— What is needed —
Search the entries below for "a view of a lake with a yard". Give that line and all the lines after it again, exactly, through the last, without pictures.
Given data section start
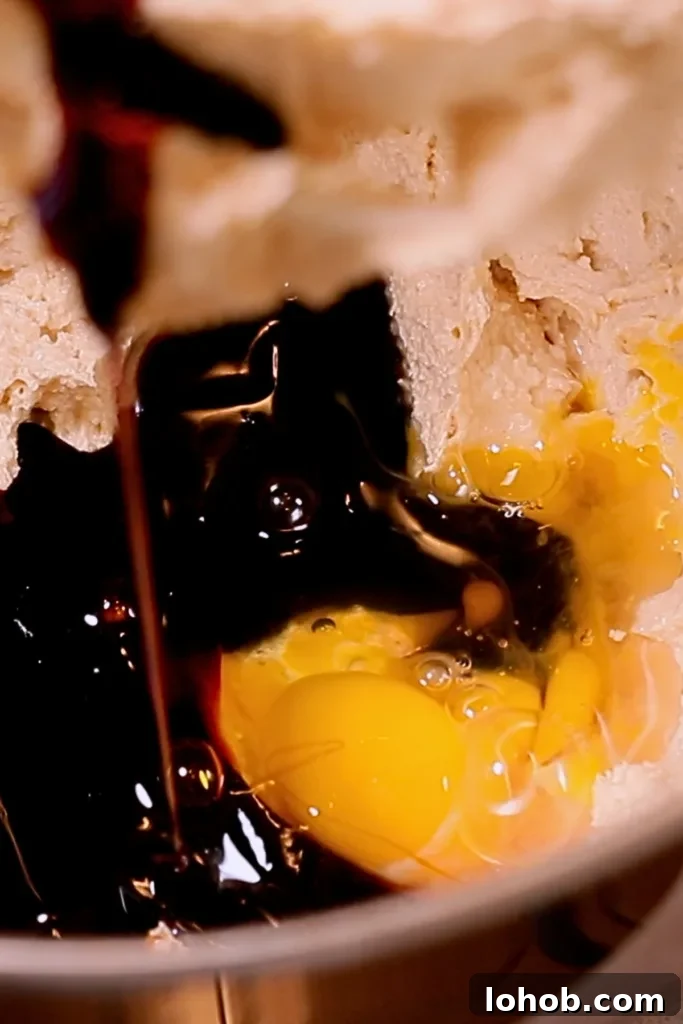 adding egg, molasses, and vanilla to butter and sugar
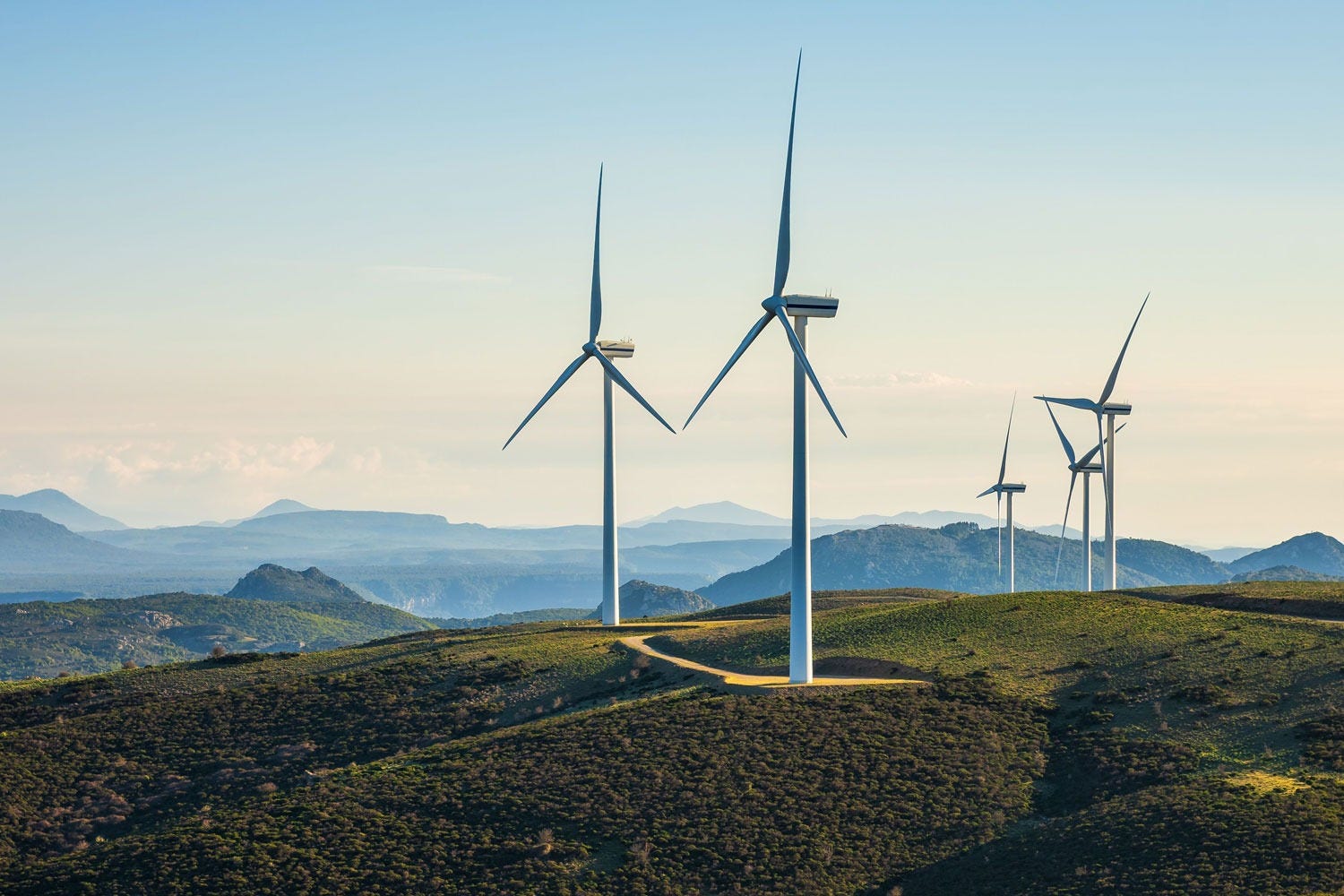 A windy dirt road with a number of windmills on top of a mountain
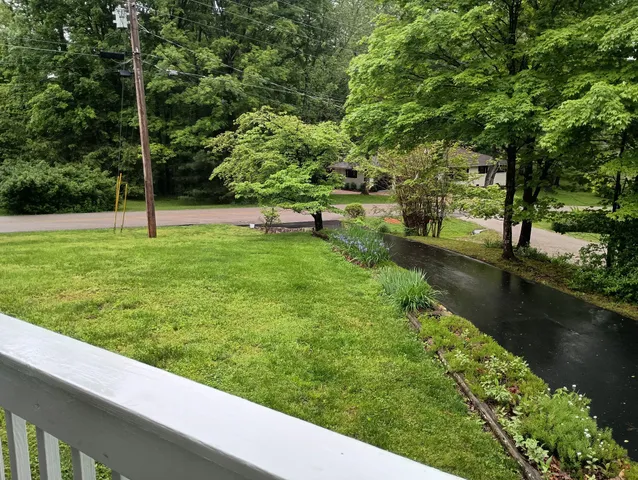 a view of a lake with a yard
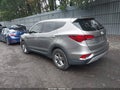 2018 Hyundai Santa Fe — photo 3 of 16 | VIN 5XYZTDLB2JG559841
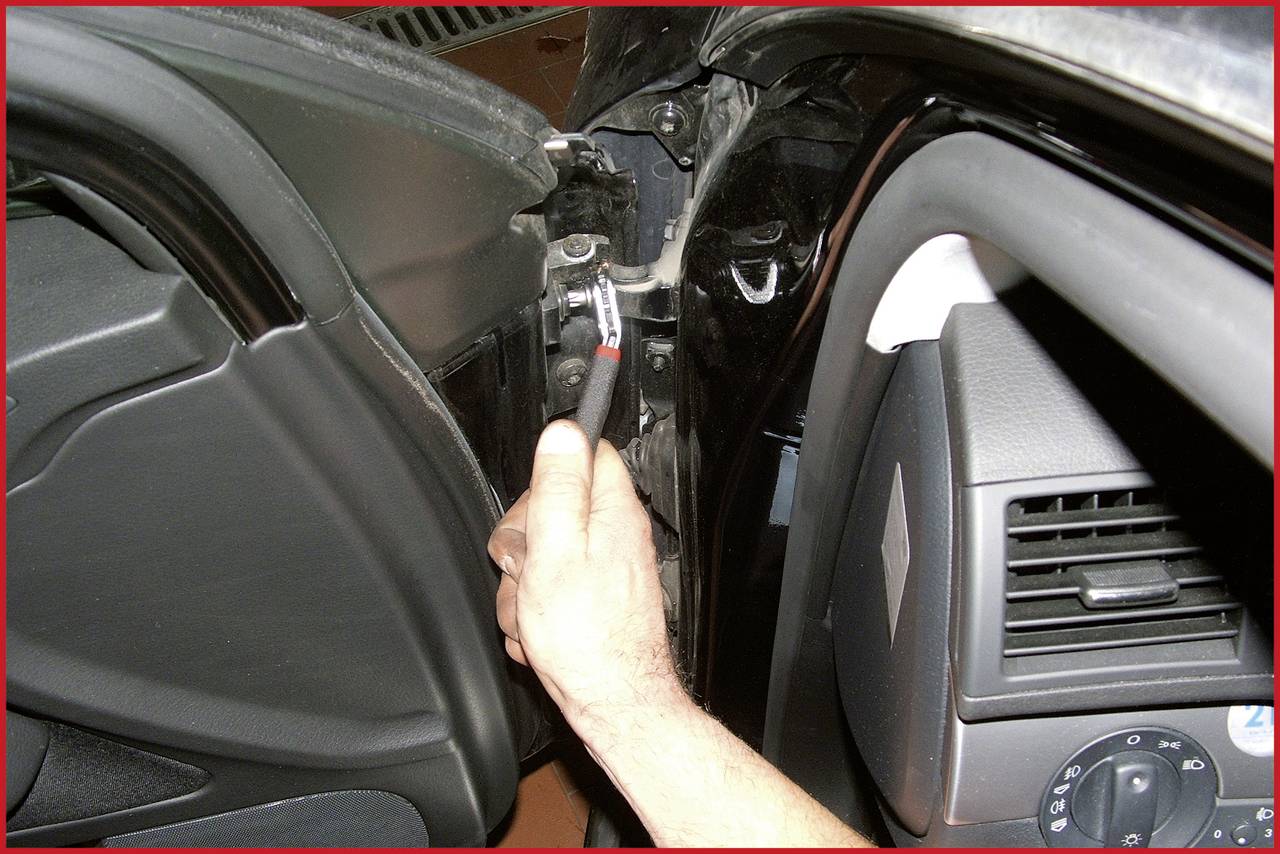 Jedna ruka drží šroubovací nástroj a upevňuje autodíl uvnitř vozu.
Given data section end
— Exercise output —
 a view of a lake with a yard
 2018 Hyundai Santa Fe — photo 3 of 16 | VIN 5XYZTDLB2JG559841
 Jedna ruka drží šroubovací nástroj a upevňuje autodíl uvnitř vozu.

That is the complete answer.